O hediondo crime do Seixal reagendou esta semana o tema da violência doméstica no espaço público (mediático).
Corpo do artigo
Anteontem, na Assembleia da República, Governo e diferentes bancadas parlamentares uniram-se na condenação dos criminosos a quem muitas vezes a Polícia poupa denúncias e o tribunal alivia sentenças. Precisamos de mais ação no terreno em prol da proteção das vítimas. E temos de proteger as crianças que ficam desamparadas em ambientes familiares extremamente violentos.

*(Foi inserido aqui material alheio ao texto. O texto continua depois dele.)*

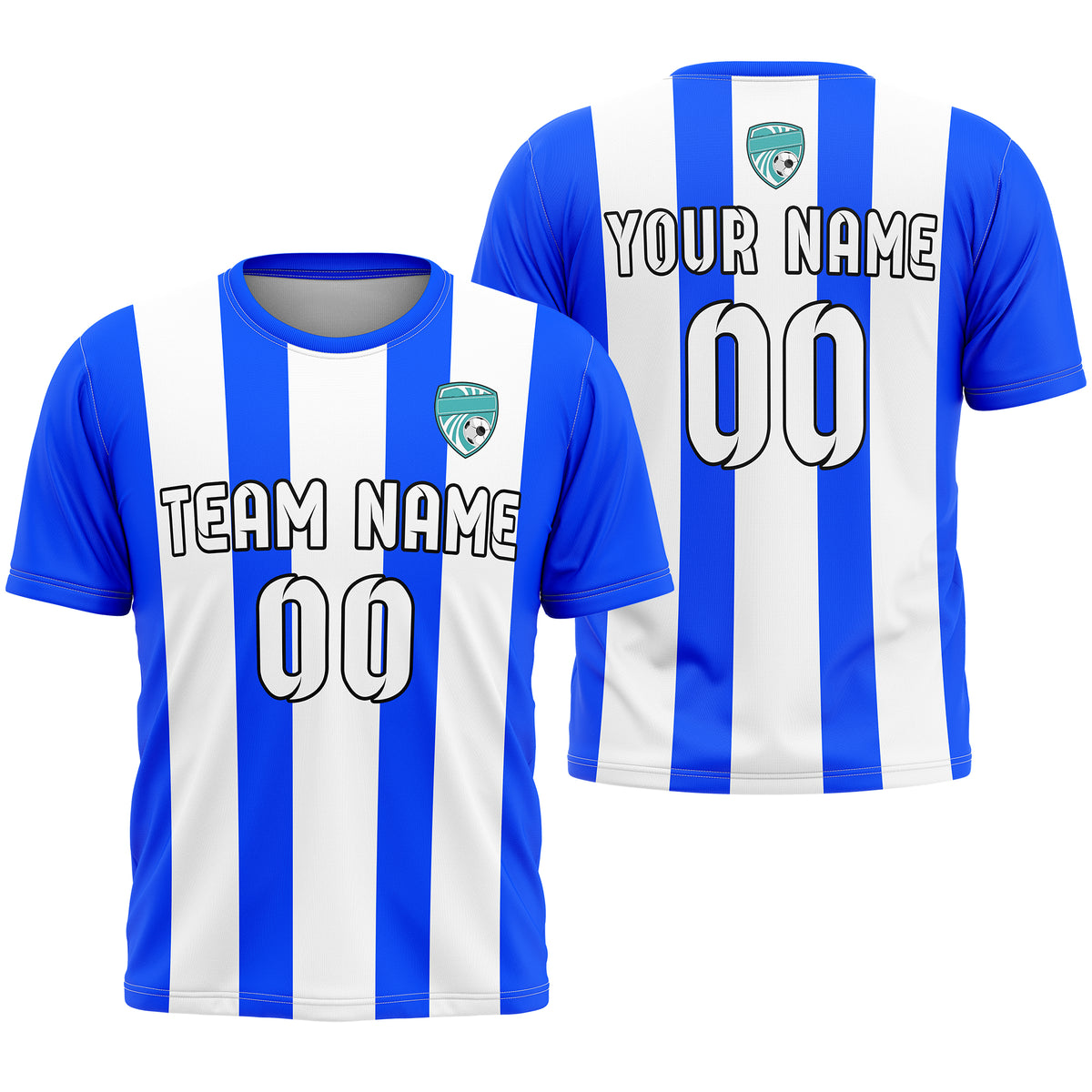 Custom Striker Stripe Teal Soccer sport Tops Jersey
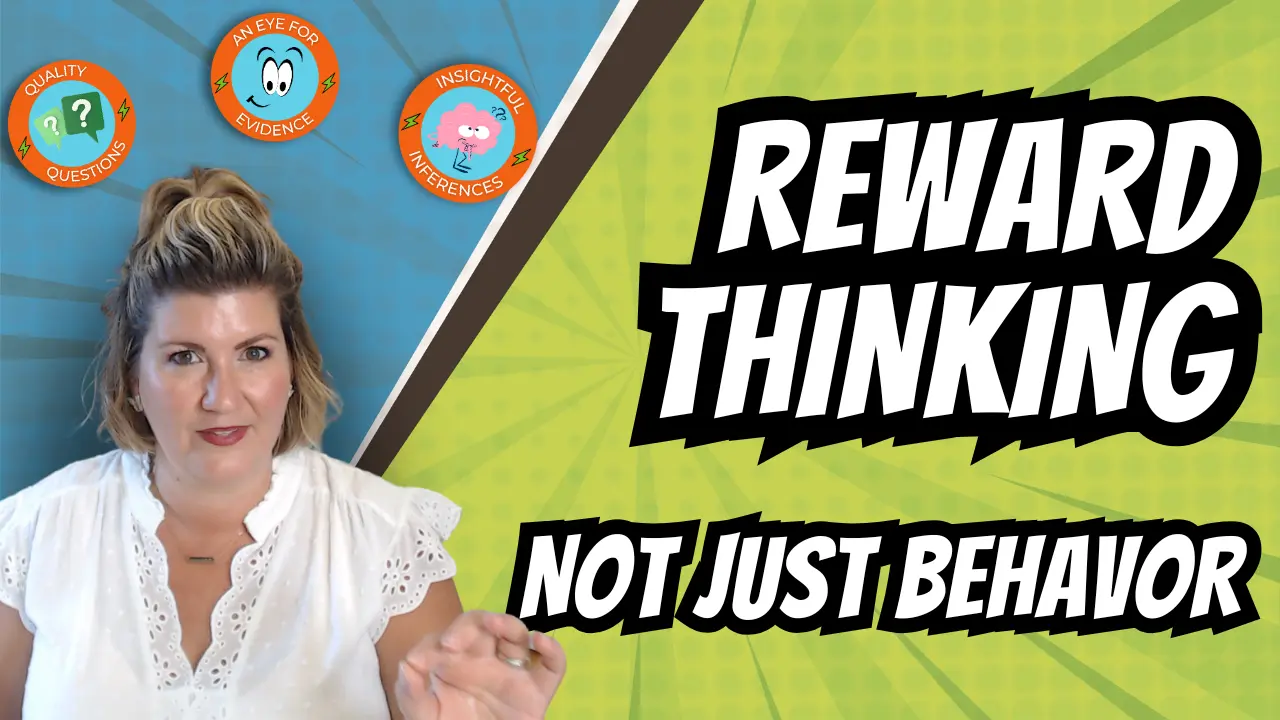Reinforce-Science-and-Engineering-Practices-Every-Day-with-pbis-rewards Thumbnail for a video about 'Reward Thinking' vs. behavior, showing a woman presenter on the left with bold black-and-white title on a lime background.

Um agressor terá o direito de continuar a viver com os filhos como se nada tivesse acontecido?
O problema não é novo, mas as estatísticas paralisam-nos. Desde o início do ano, já morreram nove mulheres assassinadas às mãos de desprezíveis homens. Um relatório de 2016 da Associação Portuguesa de Apoio à Vítima apresentava uma média de 100 mulheres semanalmente vítimas de violência doméstica. Neste tempo, nada melhorou. Há, portanto, criminosos à solta que protagonizam autênticas cenas de terror na intimidade de um lar. Polícia e tribunais parece terem pouco a dizer. Esta semana, o JN noticiava que a maior parte dos inquéritos por violência doméstica na comarca de Lisboa nos últimos três anos foi arquivada, tendo o Ministério Público deduzido acusação apenas em cerca de 15 por cento dos processos. Na Madeira, no primeiro semestre de 2018, arquivaram-se 300 dos 406 processos que deram entrada no tribunal centrados neste tipo de queixas. Que decisões são estas? As mulheres que denunciaram situações de violência estão a ser acompanhadas ou continuam vulneráveis aos tiranos com quem vivem ou de quem se separaram, sem no entanto terem a garantia de um afastamento definitivo? Todos nós sabemos as respostas. E isso gela-nos por dentro. Há, pois, que exigir mais ação do poder político. Precisamos de apoios céleres para as vítimas e de enquadramentos penais firmes para os agressores. Porque há uma tragédia diante de nós que se adensa de dia para dia.
Há ainda outro elemento que tem de ser rapidamente ponderado: as crianças que vivem em ambientes de violência doméstica. Ditaria o bom senso que qualquer menor que assista a esses episódios deveria ser considerado vítima e, por isso, afastado imediatamente do progenitor que protagoniza tais agressões. Não é isso que acontece. E lá fica a criança encolhida nos cantos da casa a ouvir palavras indecorosas vociferadas entre os seus pais e, muitas vezes, a assistir a musculadas agressões físicas. Que memórias guardará da sua infância? Que identidade estará a construir, quando aqueles que deveriam ser modelos de crescimento para si assumem comportamentos criminosos?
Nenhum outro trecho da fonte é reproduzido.